Your ponytail and cap Kerry are in a way trademarked by you. How did it all start?

I don’t really know. I just started wearing a cap most of the time after I got out of college and got used to it and now it’s just like putting on my pants in the morning. No I don’t sleep with my cap on (unless I’m laying on my back and need something to block out the light). 🙂 Tim Hall wrote a very funny blog post about my cap at one point. https://oracle-base.com/blog/2014/09/26/an-interview-with-kerry-osborne/

The pony tail thing is a bit of a nod to my native American heritage. My great grandmother was a Cherokee (just a handed down story, but I believe it to be true). But the real reason I let my hair grow is that my brain wants to optimize pretty much every process that I encounter. So at one point I went to get a haircut and as I was sitting in the barber chair, I started thinking about how to optimize that process. I actually wrote about it on my blog here: http://kerryosborne.oracle-guy.com/2009/05/shopping-trip/ But the bottom line is that I calculated that over the course of my life I would loose almost a year by repeatedly going to get my hair cut. And since the quickest way to do anything is not to do it at all. I stopped.

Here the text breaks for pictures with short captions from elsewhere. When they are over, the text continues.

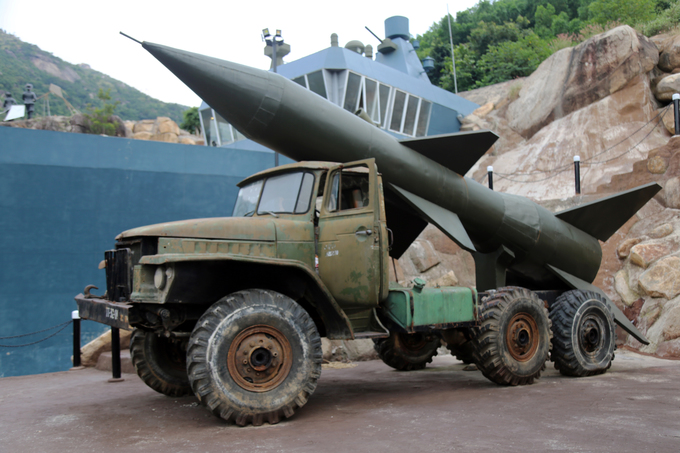 Bản sao pháo tên lửa được đặt trên xe tải bố trí ngay cạnh tàu ngầm.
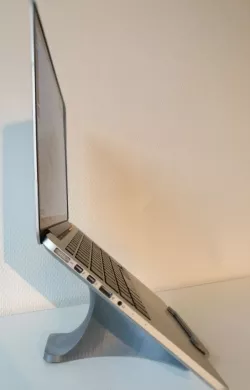 Macbook pro stand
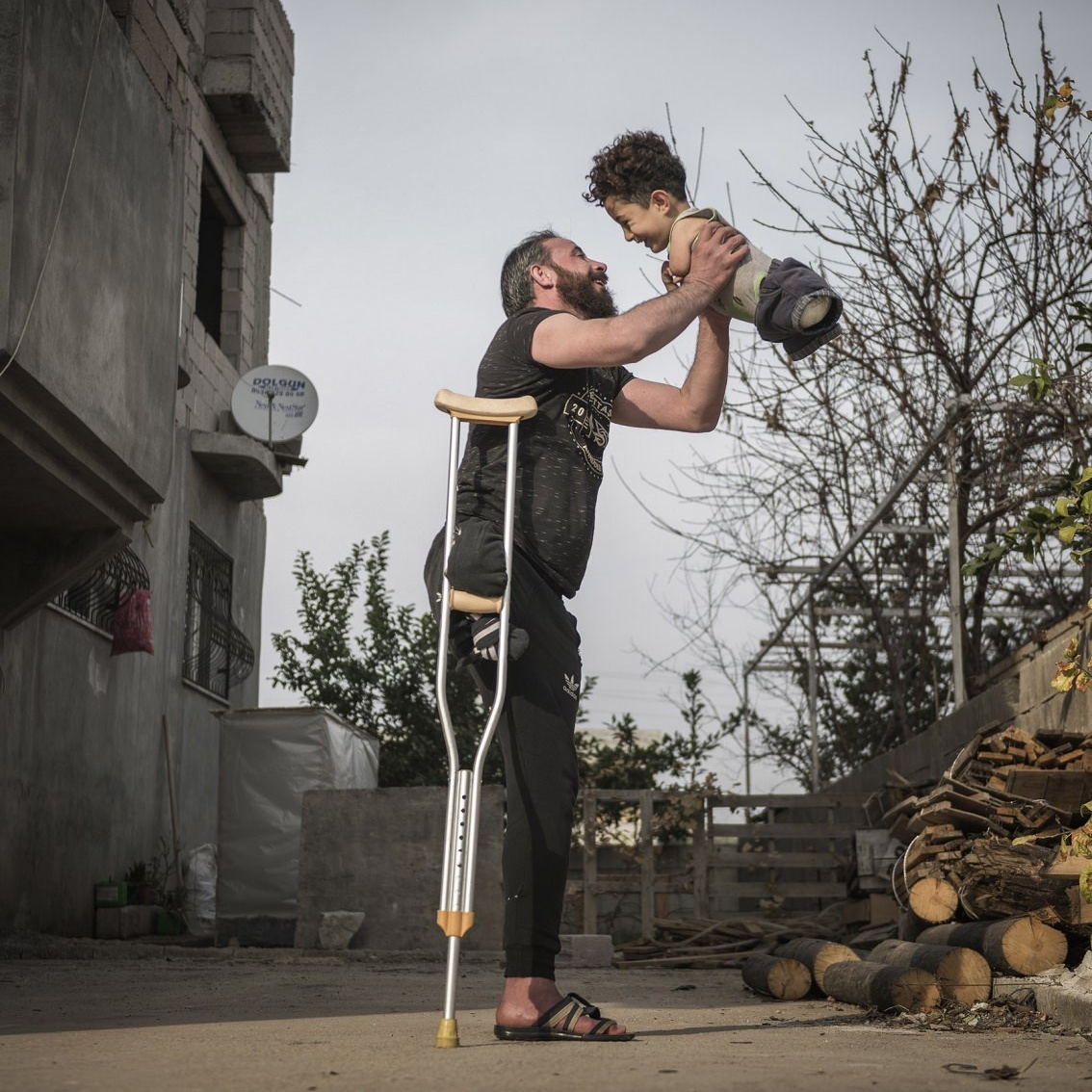 “مشقة الحياة”.. صورة أب سوري تفوز بجائزة “سيينا” الدولية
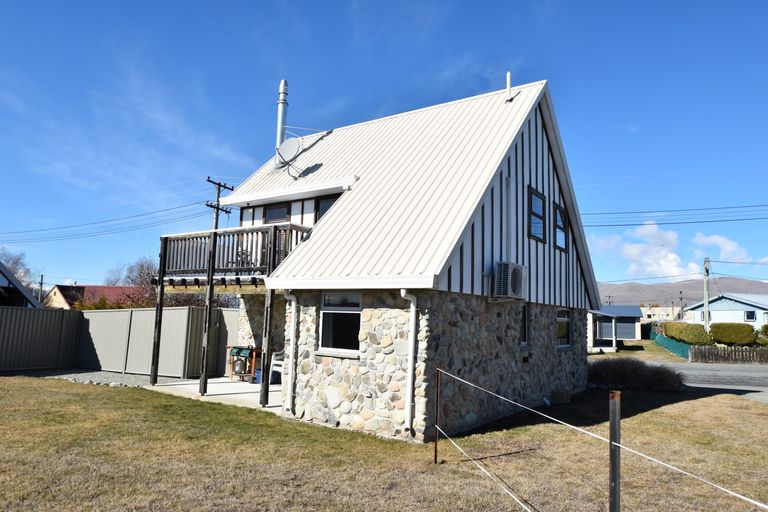 Photo of property in 45 Braemar Place, Twizel, 7901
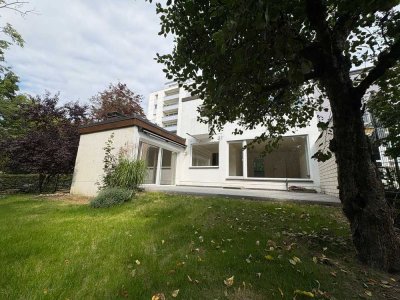 Erstbezug nach Sanierung: 5-Zimmer Reihenendhaus in zentraler Lage mit EBK, Garten, Sauna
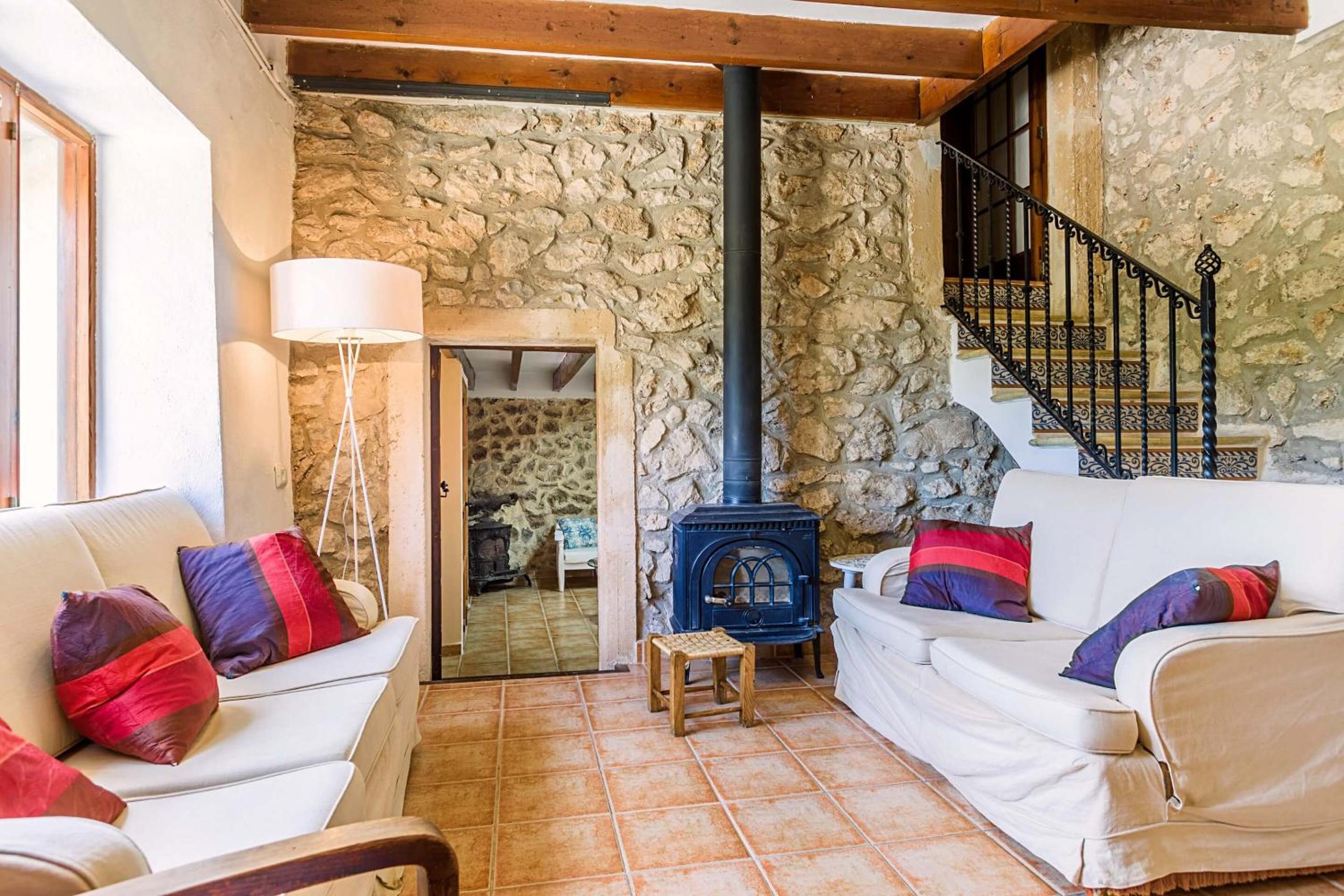 Charming Pollensa Villa Beautiful Views Of the Tramuntana Mountains La Coma 4 Bedrooms Pollensa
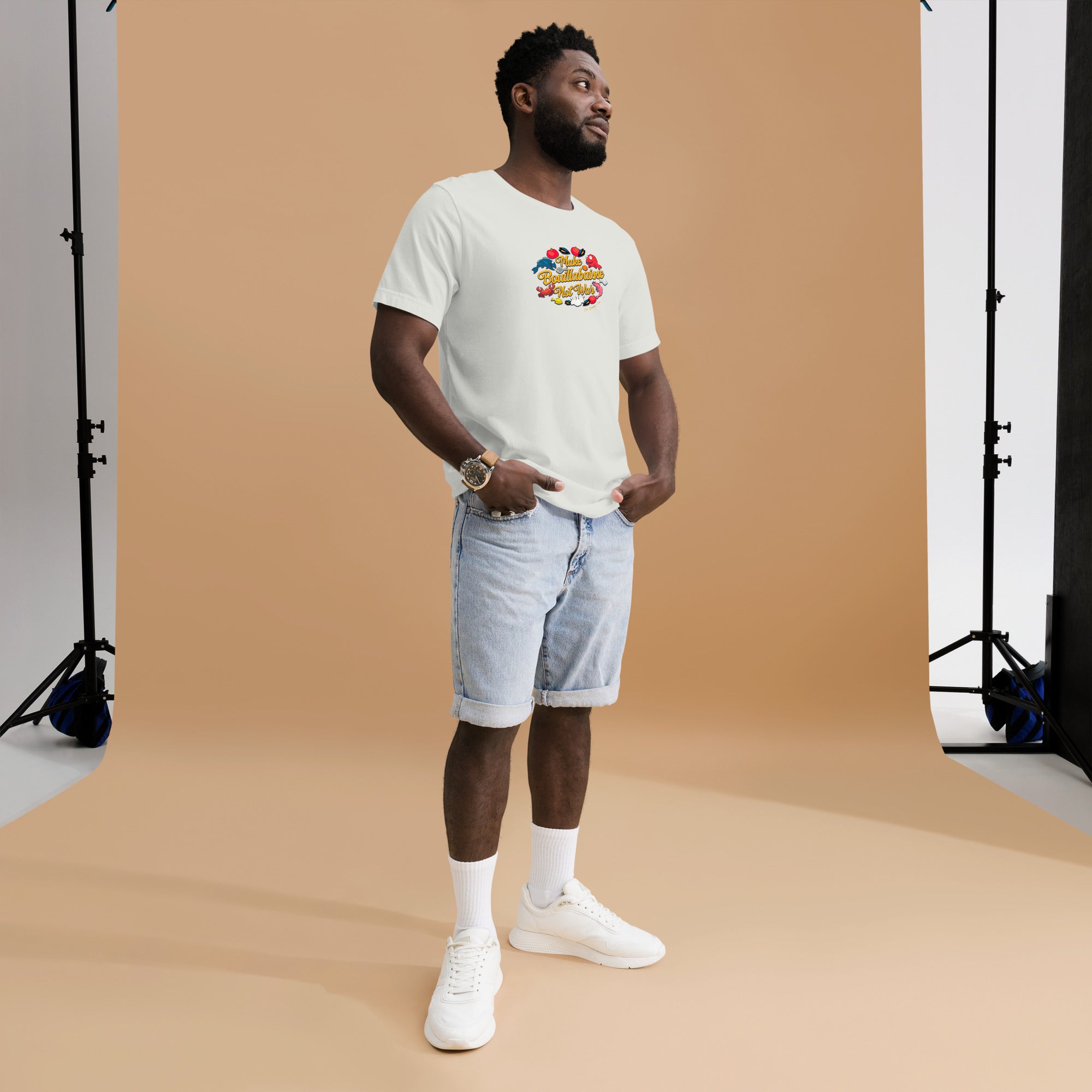 T-shirt en coton unisexe Make Bouillabaisse Not War sur couleurs claires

Which is your favorite Oracle version?

I don’t really have a favorite. (I guess 11.2.0.4 is my favorite of the ones commonly in use at the moment)

Arguably you are the most famous DBA worldwide, how many presentations have you given in total at conferences, meetings, webcast, etc.

Nah – I’m definitely not! I don’t really know how many talks I’ve delivered. I don’t keep up with that stuff very well (that’s why I’m not an active Oracle Ace Director anymore actually – too time consuming to keep up with that and fill out the required paperwork). Oddly enough, when I was in my 20’s, public speaking was my greatest fear. In fact, the first paper I submitted to IOUW (the predecessor to OOW) got accepted, but I backed out on doing the presentation because I was too scared. I had to convince one of my co-workers to go and deliver the paper for me. I worked hard for a few years to try to rid myself of that irrational fear, but the thing that really allowed me to get over it was when I started teaching week long classes. There’s nothing like repetitive practice, and standing in front of a class 8 hours a day for a week at a time provided plenty of that. So I still have a little pit in my stomach before every talk, but I actually enjoy it now. 🙂

How do you see the future of the Oracle database both on premise and in the cloud?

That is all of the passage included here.